Your goal: Copy out exactly the lines spanning the line with "In order to" to the line with "In this tutorial we're going to take", inclusive, from the data underneath, with no pictures.

Records shown:
========================================================================

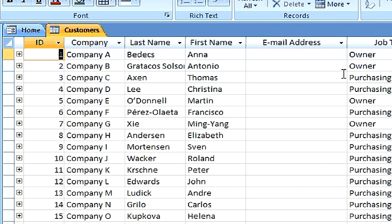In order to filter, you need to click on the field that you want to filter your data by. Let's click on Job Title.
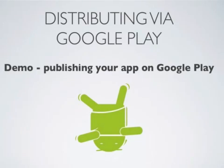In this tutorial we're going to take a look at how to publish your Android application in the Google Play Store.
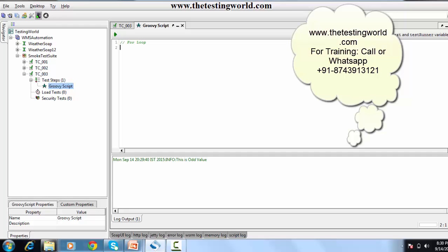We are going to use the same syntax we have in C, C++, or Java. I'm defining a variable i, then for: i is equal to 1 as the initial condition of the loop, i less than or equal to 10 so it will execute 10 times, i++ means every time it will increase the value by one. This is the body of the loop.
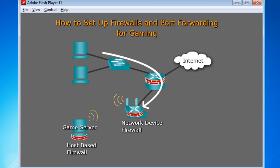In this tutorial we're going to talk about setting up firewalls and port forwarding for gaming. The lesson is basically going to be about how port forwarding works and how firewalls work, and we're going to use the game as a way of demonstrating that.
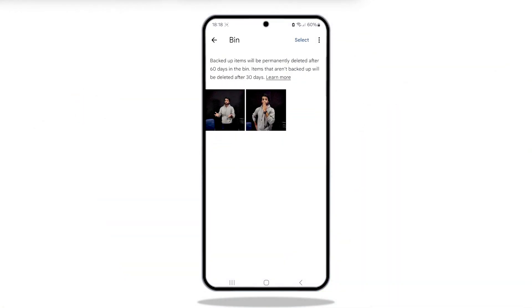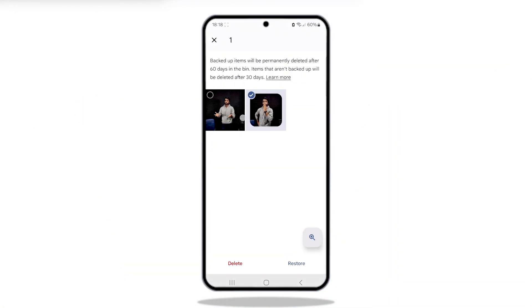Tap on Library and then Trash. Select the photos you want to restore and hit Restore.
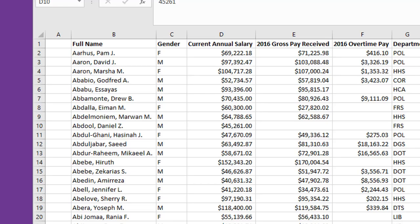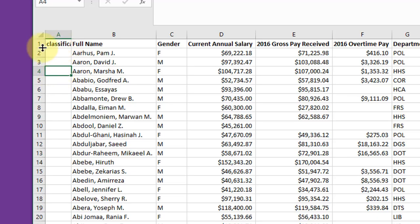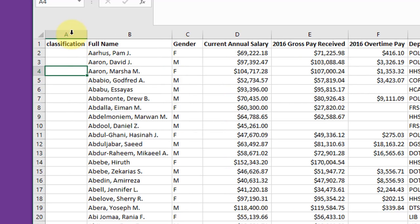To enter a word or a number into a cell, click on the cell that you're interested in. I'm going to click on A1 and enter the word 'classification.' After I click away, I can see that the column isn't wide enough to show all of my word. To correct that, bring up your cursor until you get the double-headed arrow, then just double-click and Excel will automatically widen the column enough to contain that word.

========================================================================

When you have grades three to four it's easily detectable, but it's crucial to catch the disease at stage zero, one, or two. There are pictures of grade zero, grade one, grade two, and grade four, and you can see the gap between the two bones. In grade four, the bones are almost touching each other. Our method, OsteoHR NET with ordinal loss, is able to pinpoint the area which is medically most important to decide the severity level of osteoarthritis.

========================================================================

Task response:
In order to filter, you need to click on the field that you want to filter your data by. Let's click on Job Title.
In this tutorial we're going to take a look at how to publish your Android application in the Google Play Store.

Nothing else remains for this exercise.